One final thing: I think I’ve found my ideal pregnancy jeans. I don’t say this often, but thank you Top Shop. Nearly too late, but I got there in the end. They are skinny, but not too thin of leg. They’re a nice stretchy material with a generous waistband – and are just the right length. Miraculous. And definitely worth £38 which I was trying to avoid shelling out.

It’s a marathon

Source: Pinterest

I leave blogging for a few weeks and before I know it, I’m in the third trimester.

Time is now going very fast. This is good because I’m not particularly looking forward to going back to work after the Christmas break (11am lie-ins, don’t go, I need you) – and maternity leave is now firmly on the horizon with just six weeks of work to go.

However, I’m quite happy that at 31 weeks pregnant, I still (probably) have at least nine weeks of organisation (and resting) time to go. Especially since the third trimester fatigue and aches and pains are slowly setting in. Just when I was relishing the excellent second trimester energy boost, bam. So annoyingly predictable.

My pace is gradually being forced down as the baby claims yet more abdominal space. Where my stomach now is, I really have no idea. My lungs on the other hand, just feel like they’re being slowly compressed. By about 3pm every day, my mid-vertebrae feel like they want to pop out and start again tomorrow.

I’m totally aware that I’ve had an excellent pregnancy so far, in the grand scheme of things. I’ve avoided bad back pain, SPD and icky things like piles, constipation and varicose veins – so far. With that in mind, I’m adopting my marathon mindset for the remaining couple of months: just block it all out until you’re near the end. I’m not allowing myself to get in the mindset of slowing down too much or thinking about maternity leave until it’s imminent – perhaps 36 weeks since I finish at 38 weeks.

Don’t get me wrong: the sofa will remain very much my friend. But if I can, there are things I want to do over the coming weeks that starting to wind down mentally won’t help with: getting back to the swimming pool and eating more fruit and veg being just a couple.

And if it all goes t*ts up and I end up knackered and in defeat in a few weeks? Then at least I tried. The first step: getting an earlyish night for my 6:45am back-to-work wakeup tomorrow. Sob.

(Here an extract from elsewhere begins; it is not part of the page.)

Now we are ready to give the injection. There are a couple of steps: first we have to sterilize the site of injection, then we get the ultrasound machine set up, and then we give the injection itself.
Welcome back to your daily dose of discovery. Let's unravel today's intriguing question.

Losing my feet; finding my voice

It’s happened: I’m at the stage that I always imagined when I pictured how pregnancy would be.

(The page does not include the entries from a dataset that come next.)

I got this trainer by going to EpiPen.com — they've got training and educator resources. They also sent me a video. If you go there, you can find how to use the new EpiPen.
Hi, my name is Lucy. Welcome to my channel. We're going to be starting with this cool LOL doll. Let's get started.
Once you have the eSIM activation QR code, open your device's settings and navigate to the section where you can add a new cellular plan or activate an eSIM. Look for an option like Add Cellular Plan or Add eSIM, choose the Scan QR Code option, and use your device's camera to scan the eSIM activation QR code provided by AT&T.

There’s a definite bump and it’s getting scarily bigger every day. My maternity clothes actually fit like they’re supposed to and I’ve even had to beg and borrow some more (thanks Esme!)

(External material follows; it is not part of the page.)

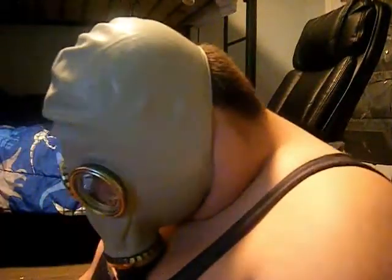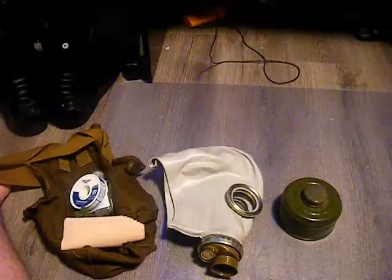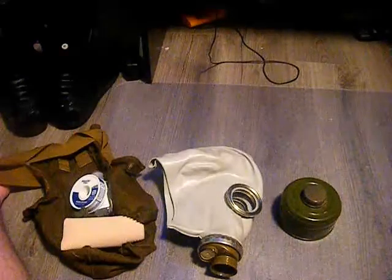Here I'm wearing the gas mask and I'm going to try to put on the filter with my head tilted back. Just to note — I did not inhale; I held my breath while doing this. It was very fun trying to keep myself from choking to death.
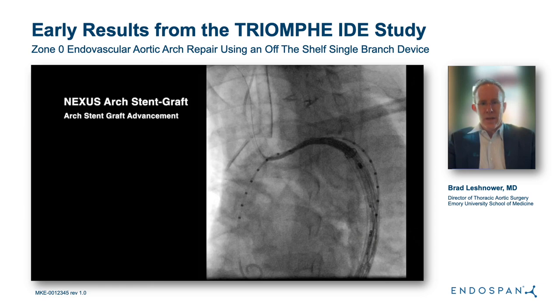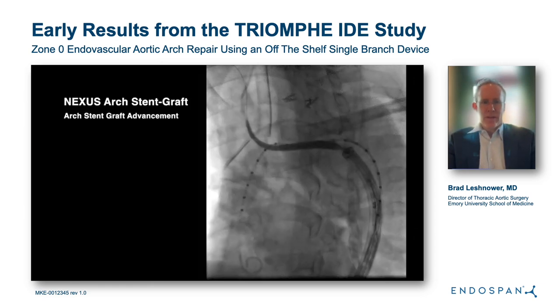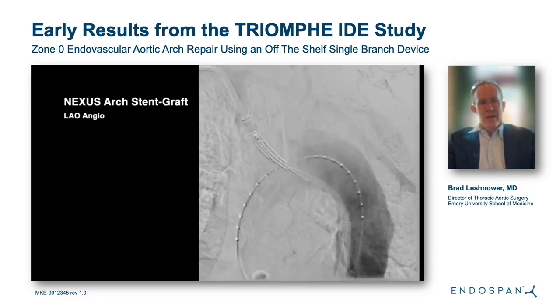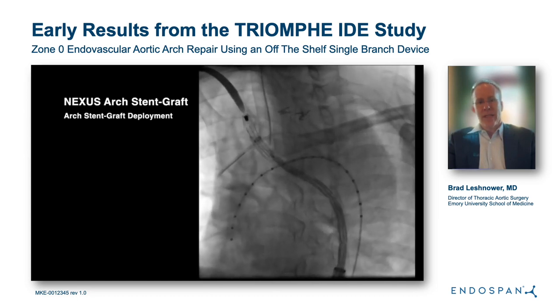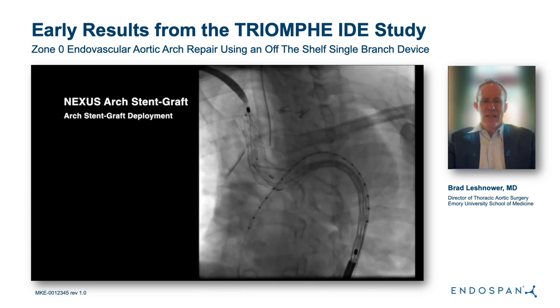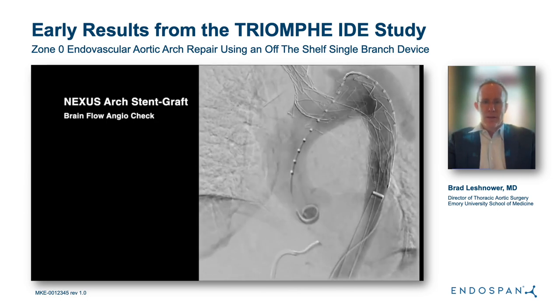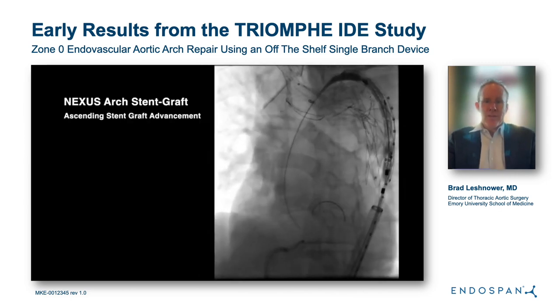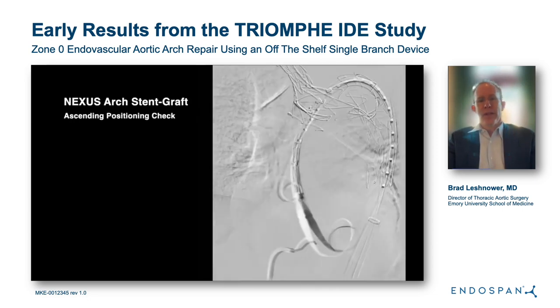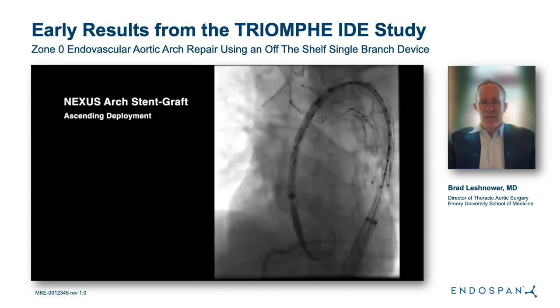Now I'll take you through the fluoroscopy and aortograms of the case. The device is advanced through a brachiofemoral wire, and we shoot an aortogram to confirm appropriate positioning. The branch is deployed, and then a short burst of rapid ventricular pacing is used to push the dock into position in the distal ascending aorta. Once the dock is open, cerebral perfusion is established and we can take our time deploying the remainder of the arch stent graft. An aortogram is obtained showing the branches being perfused. Next, the ascending aortic piece is advanced and positioned within the dock to achieve the fixation previously described.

Carrying around this undeniable sign that I’m pregnant all day, every day has been fascinating. To watch people’s sly glances at work from around 20 weeks while they were trying to figure out if I’d been eating too many office breakfasts or whether I was actually up the duff – to people’s little smiles now when they spot my nearly-28-week bump and realise that there’s a new little person in there.

It’s heart warming to know people do notice – and care. Especially given the long, tiring months of the first and second trimester in a brand new job feeling absolutely shocking but not being able to tell a soul.

Knowing that people are looking out for me has even made me patient with the repetitive Pregnancy Questions (PQs). Similar to the Wedding Questions (when’s the big day? What’s your colour scheme? Etc…), the PQs are predictable but well-meant. They often include the following: when are you due? Do you know if you’re having a girl or a boy? Have you had any cravings? I’m sure any of you currently or recently pregnant ladies will be able to reel off a load more.

I didn’t have a great deal of patience with the Wedding Questions, I have to be honest. Maybe it was the fact that we didn’t have a colour scheme – and no, I STILL hadn’t found a dress I liked. But the PQs I have much more time for, for some reason. Maybe answering them is some kind of payoff for the kindness of strangers? Maybe the hormones have got to me and I’ve developed a new level of saintly patience (given the grief my husband gets some days: unlikely)?

But I like the fact that I can open up to people I don’t really know and have an inconsequential chat with them – knowing that we’ll both come away from the conversation with a spring in our step.